ESPE Abstracts (2019) 92 P1-431

The Relationship Between Perfluoroalkyl Compounds Concentrations at Ages 2, 4, and 6 Years and Thyroid Function in Early Childhood: A Prospective Cohort Study

Hwa Young Kim1, Kyoung-Nam Kim2, Young Ah Lee2, Youn-Hee Lim2, Johanna Inhyang Kim3, Bung-Nyun Kim2, Se-Young Oh4, Yun-Chul Hong2, Choong Ho Shin2


1Kangwon National University School of Medicine, Chuncheon, Korea, Republic of. 2Seoul National University College of Medicine, Seoul, Korea, Republic of. 3Seoul National University Bundang Hospital, Seoul, Korea, Republic of. 4Kyung Hee University, Seoul, Korea, Republic of


Backgrounds: Perfluoroalkyl compounds (PFCs) have been suggested as potential thyroid disrupting chemicals.
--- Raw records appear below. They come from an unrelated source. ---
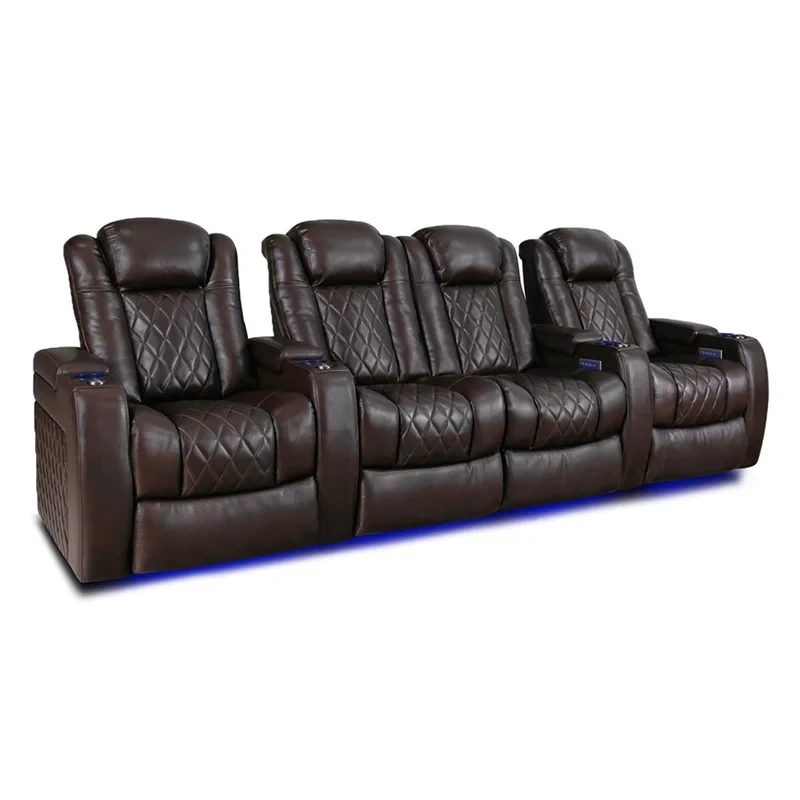 Valencia Leather Home Theater Seating with Cup Holder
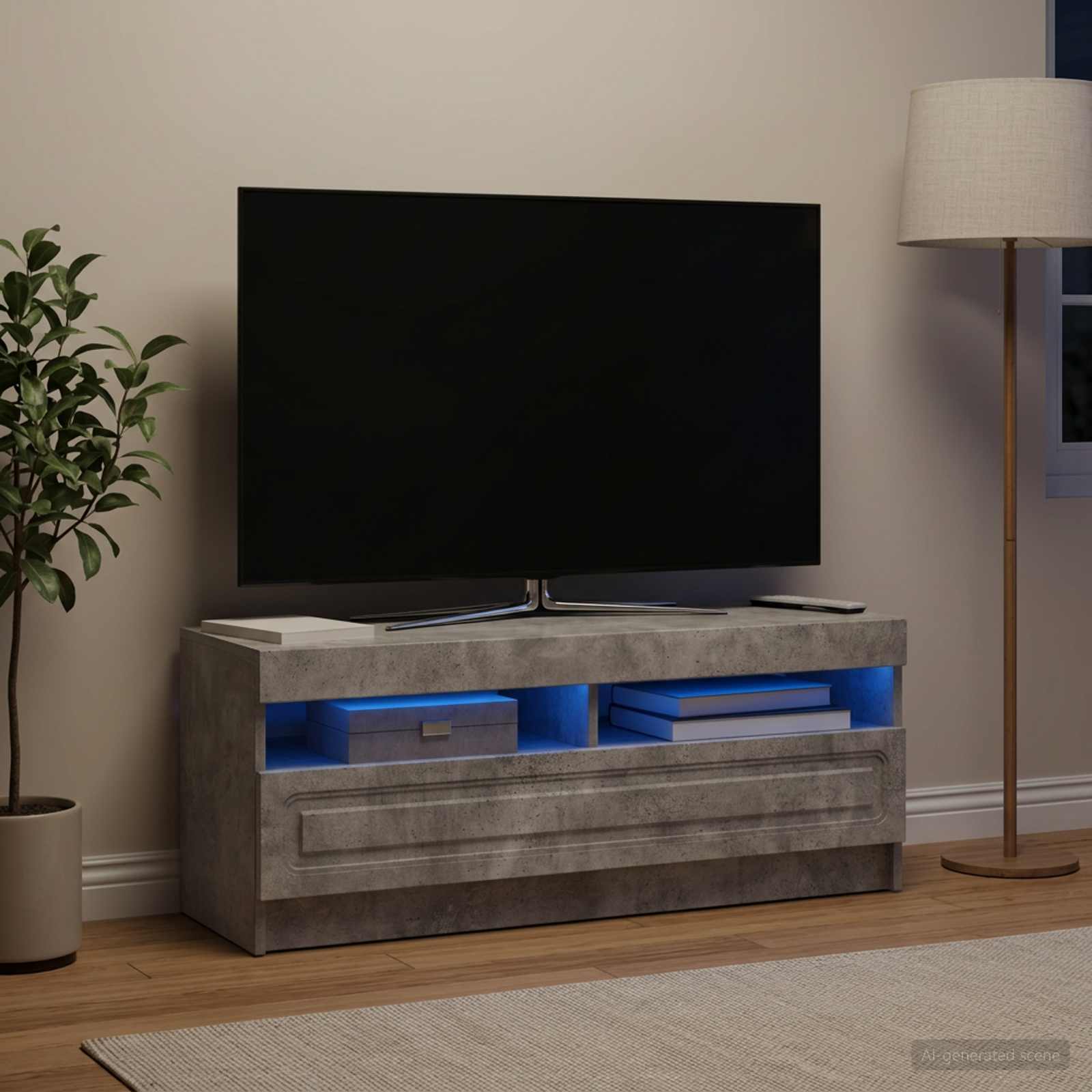 LED TV-kaappi Betoninharmaa Tekninen puu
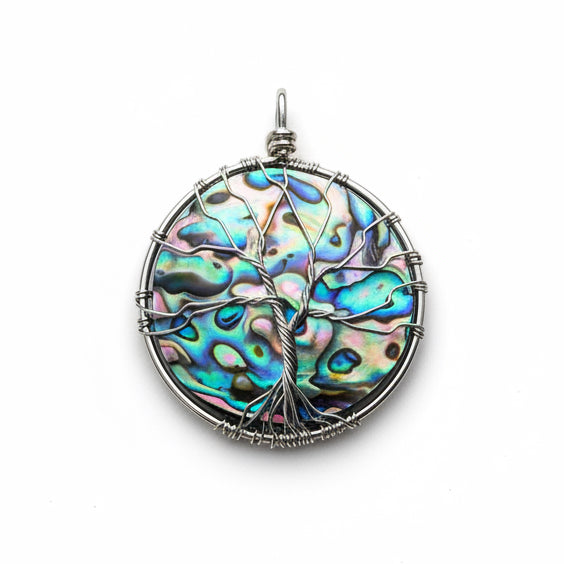 Natural Paua Abalone Shell With Wrap Tree Of Life Pendant for Necklace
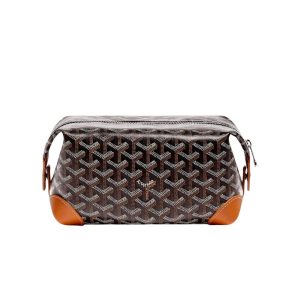 GOYARD BOWLING 25 TOILETRY BAG BLACK TAN 23CM BOWLIN025TY01CL03P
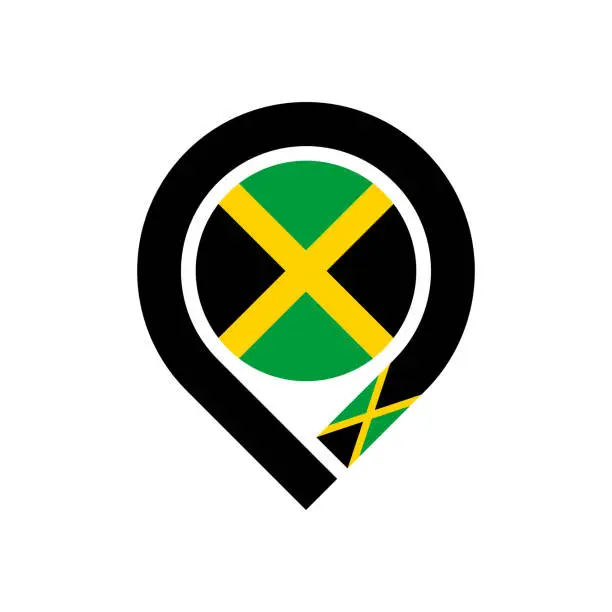 Vector illustration of jamaica flag map pin icon. vector illustration isolated on white background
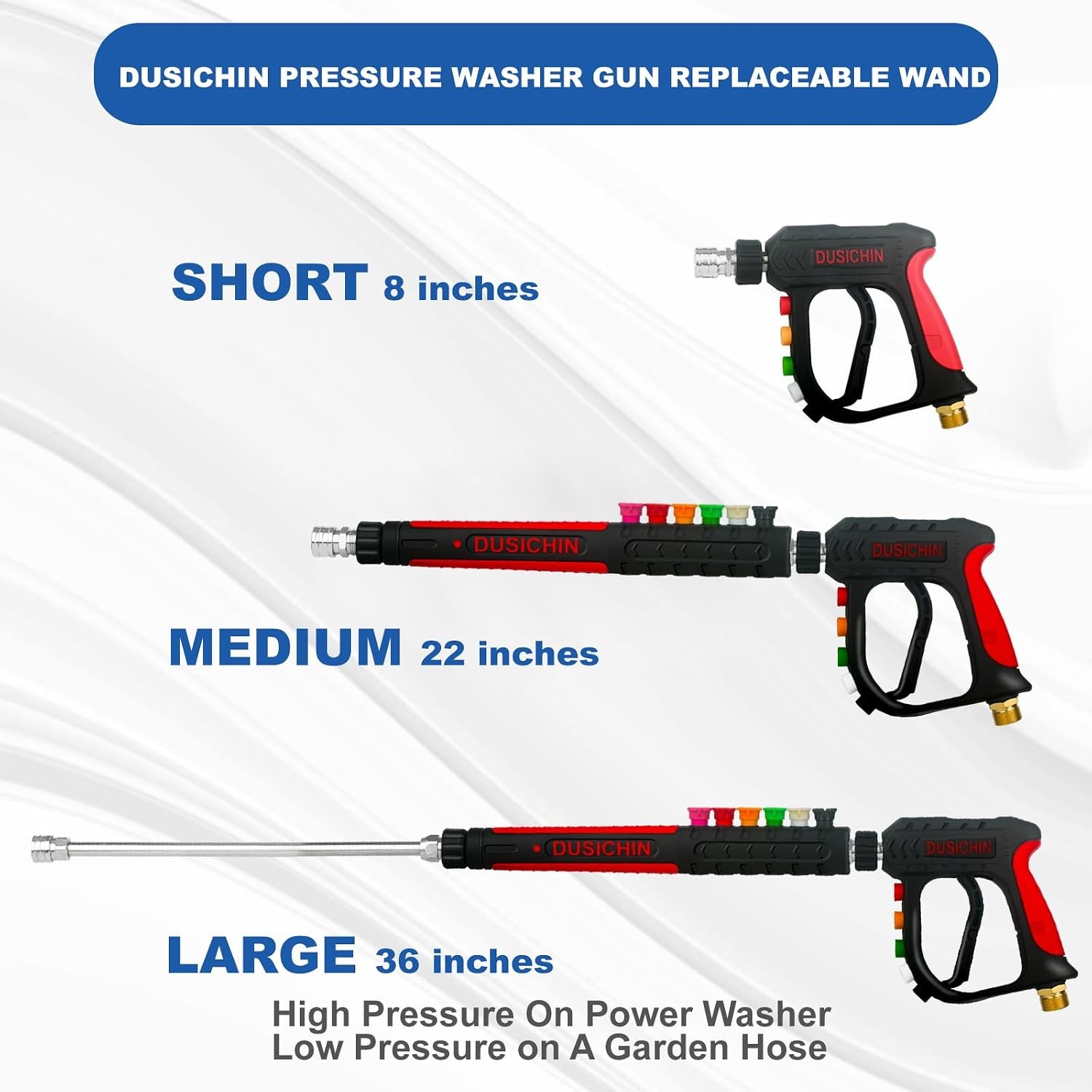 3000 PSI Pressure Washer Gun Long Wand 36 Inch 6 Nozzles M22 Fitting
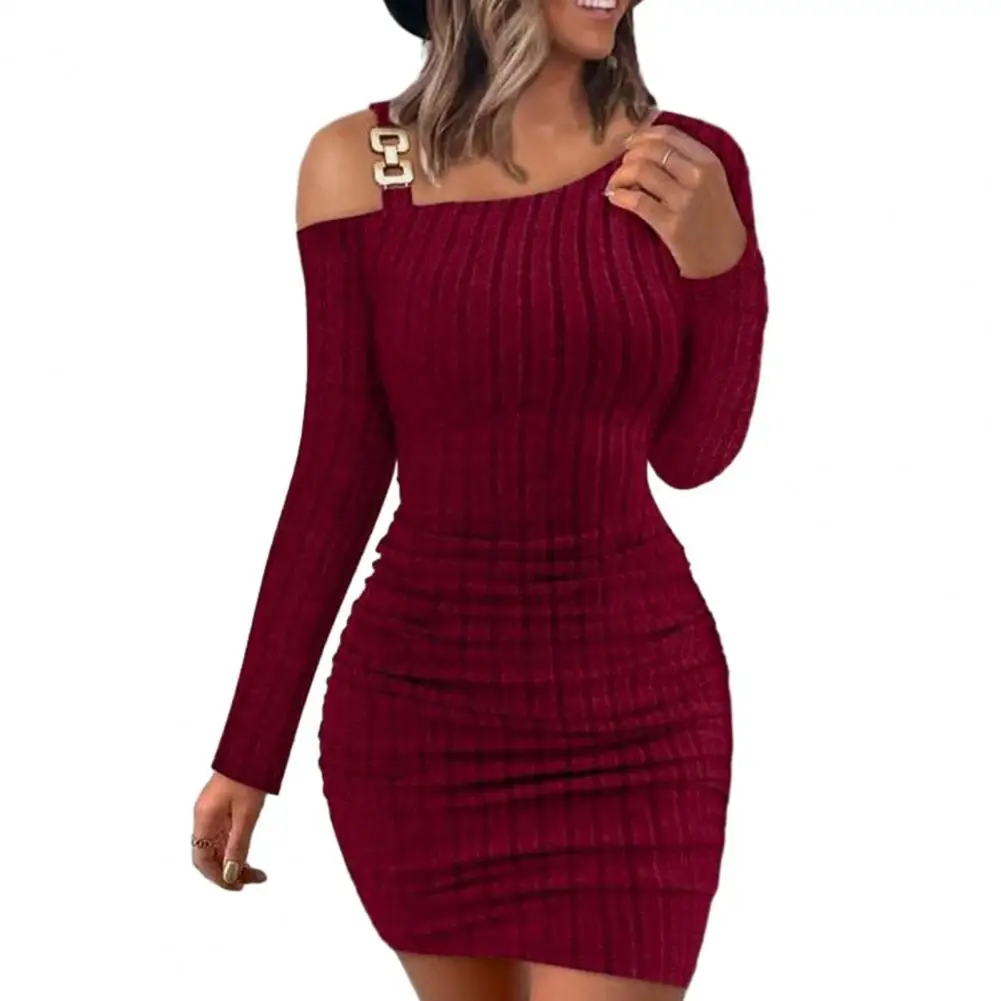 Women Fall Dress Knitted One Shoulder Skinny Elastic Oblique Neck Solid Tight Waist Anti-shrink Long Sleeve Mini Sheath Dress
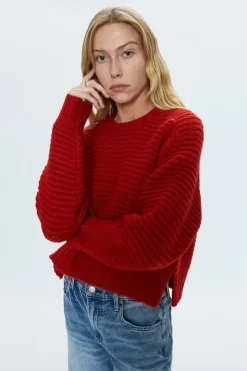 Adina Crewneck Sweater In Rouge
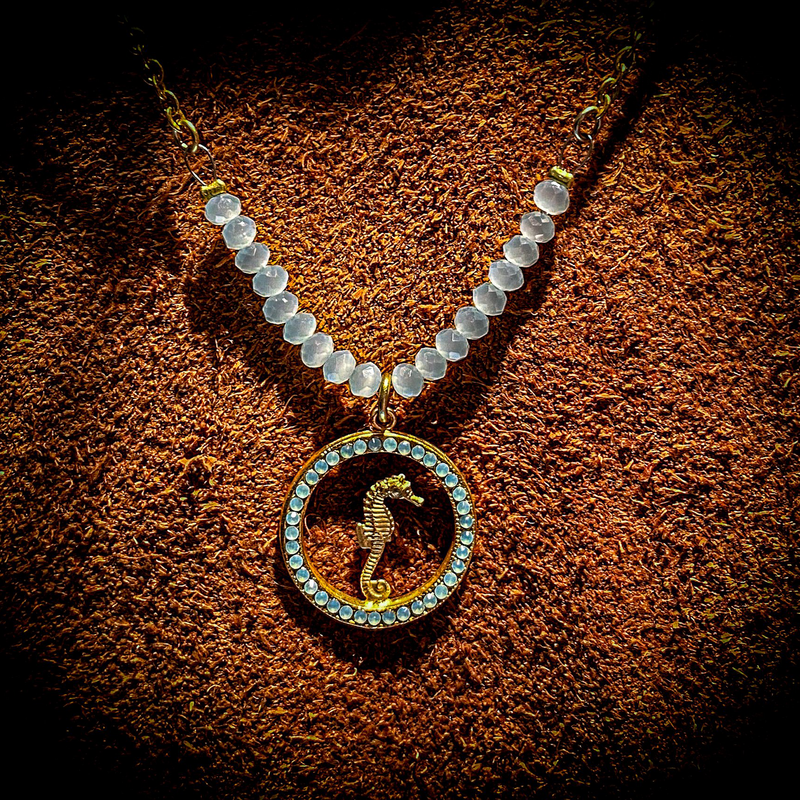 Gold Ringed Seahorse Necklace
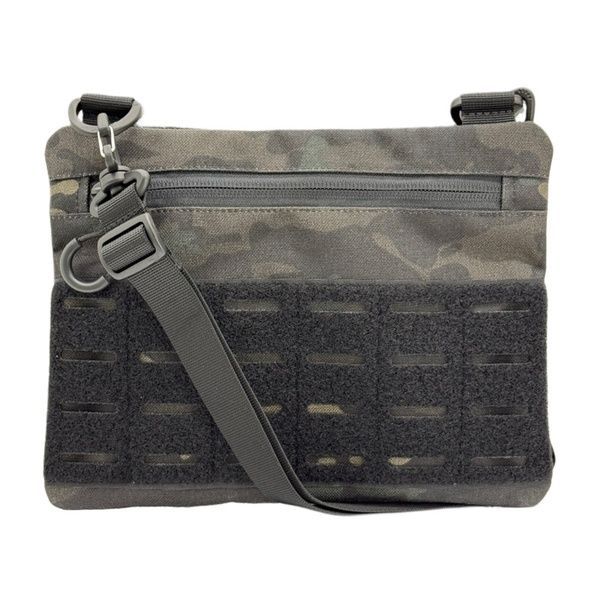 Тактична сумка через плече з патч панеллю для шевронів Cordura Multicam Black HardKit RoKit S 9377223-М-НК фото 2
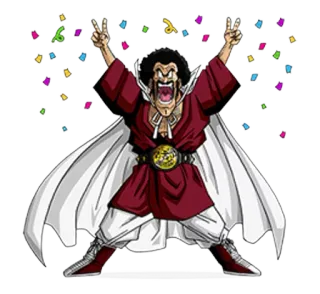 🎊 Mr. Satan Dragon Ball Mr. Satan, Hercule, Dragon Ball, Anime, Cartone animato, Corfetti, Festa telegram sticker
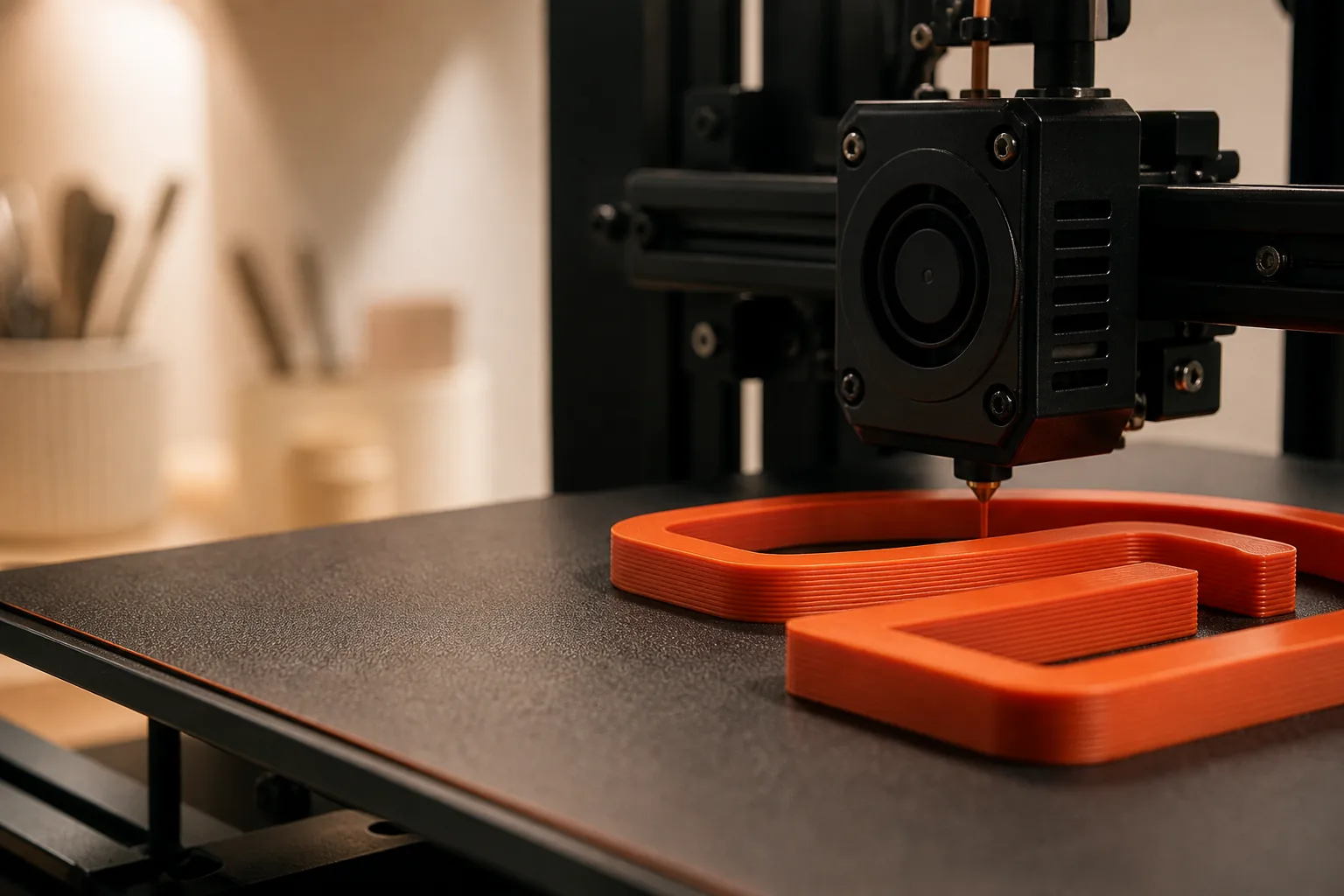 Close-up of orange filament being laid down by a 3D printer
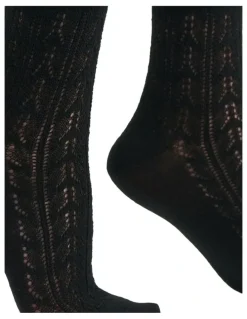 Levante Mia Pointelle Sock in Nero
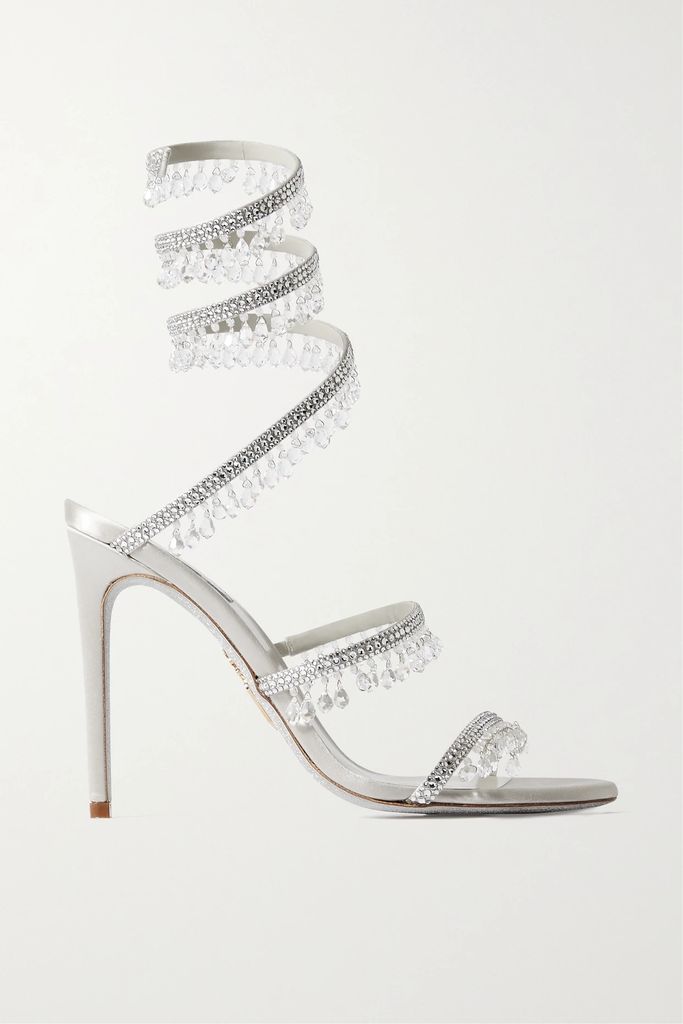 Cleo Crystal-embellished Satin Sandals - Silver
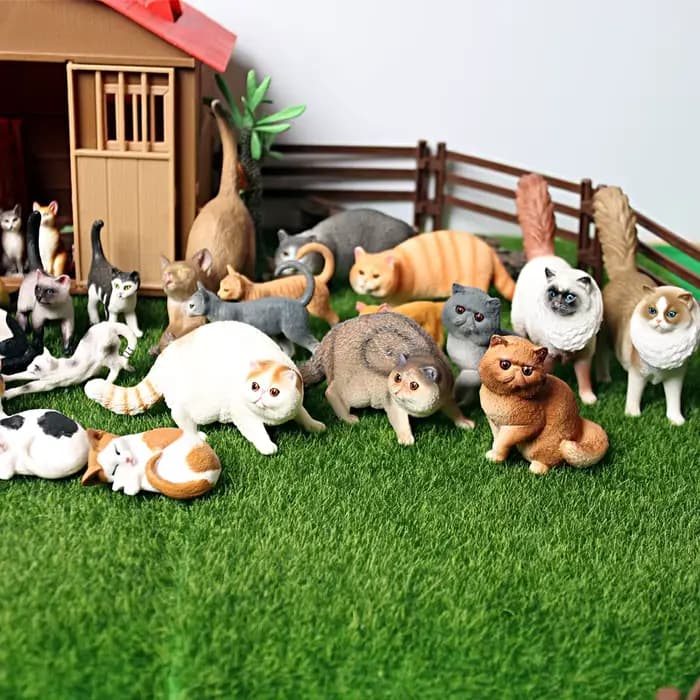 Figurines de chat persan siamois peintes à la main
However, previous studies about the associations between PFCs and childhood thyroid function are scarce, and inconclusive. We evaluated the PFC exposure in Korean preschool children, and investigated the temporal relationship with thyroid hormone concentration.

Methods: From a prospective the Environment and Development of Children (EDC) cohort study, we used data on 14 kinds of PFCs concentrations at ages 2, 4, and 6 years and thyroid function test (Serum thyroid stimulating hormone [TSH] concentrations at ages 2, 4, and 6 years, and free thyroxine [FT4] and triiodothyronine [T3] and TSH concentrations at 6 years of age).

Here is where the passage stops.